There is much more that can be said about regulation, and the arguments that government either isn't doing enough or is doing too much, but these broad gloss statements seem destined to remain unresolved. The economy is nuanced and growth is unlikely to respond to such clumsy assessments. I'm not sure what can be concluded about government's role in growth except the obvious, which is that competent government can promote growth.
To Tell My Story
Shakespeare buffs will have recognized the title of this piece as a line from Hamlet's famous monologue. The phrase is spoken with the awe at magnificence of man, irony at our ability to do evil and sincerity as Hamlet investigates the essence of humanity. Ultimately the monologue ends in disgust and disinterest claiming man is just dust. Hamlet is famous for equivocating, indecisive melodrama, a post-modern phenomenon in an age when we know better than to seek revenge, but still long for someone to blame and a satisfying resolution.

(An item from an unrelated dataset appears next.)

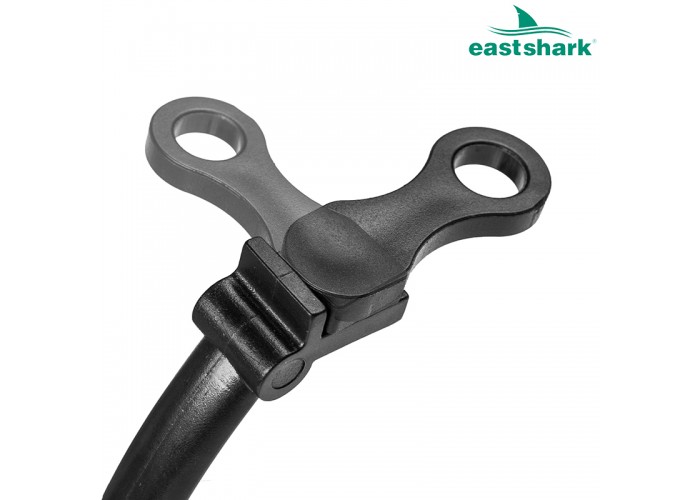 Набор свингеров EastShark IS-20 (4 шт. в кейсе)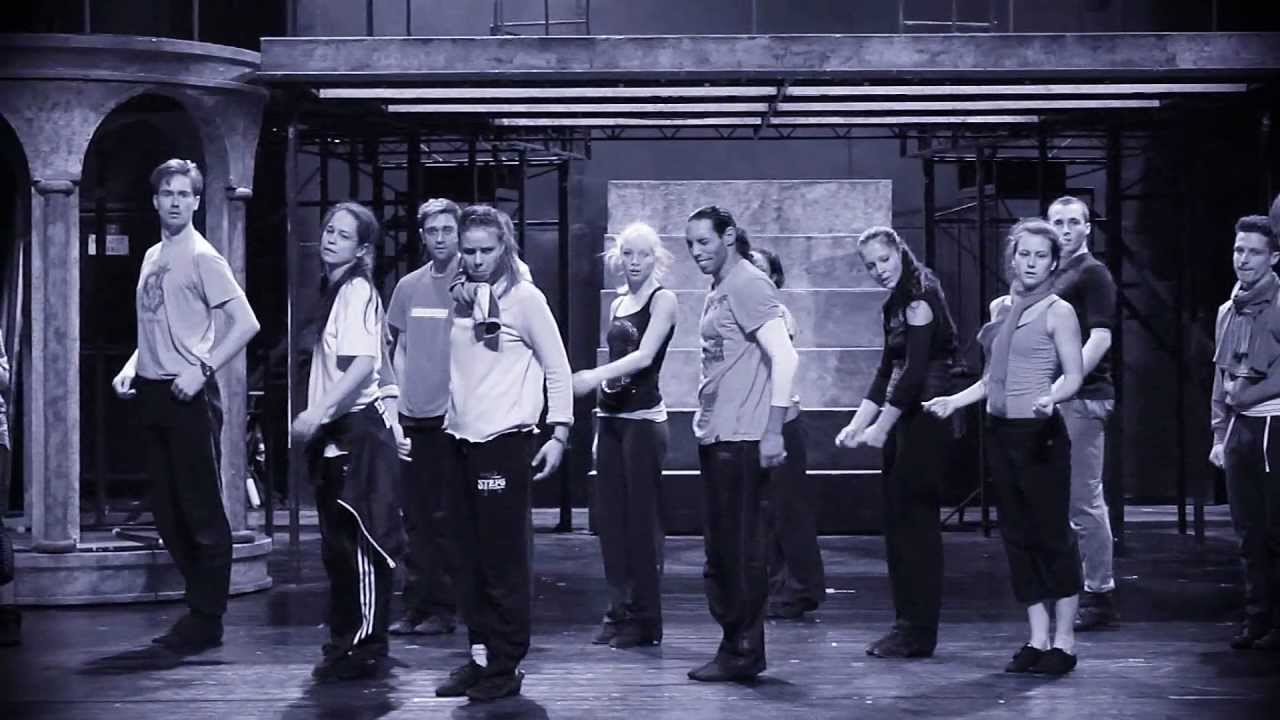 RÓMEO A JÚLIA - NOVÁ SCÉNA, BRATISLAVA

The four arguments for manmade impediments to progress are all appealing, but we should hesitate and examine the consequences of hasty retribution. The question of too little or too much government is a distraction from the importance of good government, but promotion of good government is a truism. The question of inequality may or may not be important to growth, but growth is inextricably tied to the reason for that inequality, which in turn, is related to the question of what to do about profitable, but unproductive investment. The nested nature of these questions again echoes Hamlet. In an effort to elicit a confession of murder from his uncle, the unhappy prince creates a play called The Mousetrap. In attempting this political theatre to expose the murderer he exposes his own biases and is no closer to acting to resolve his problems than when the play began.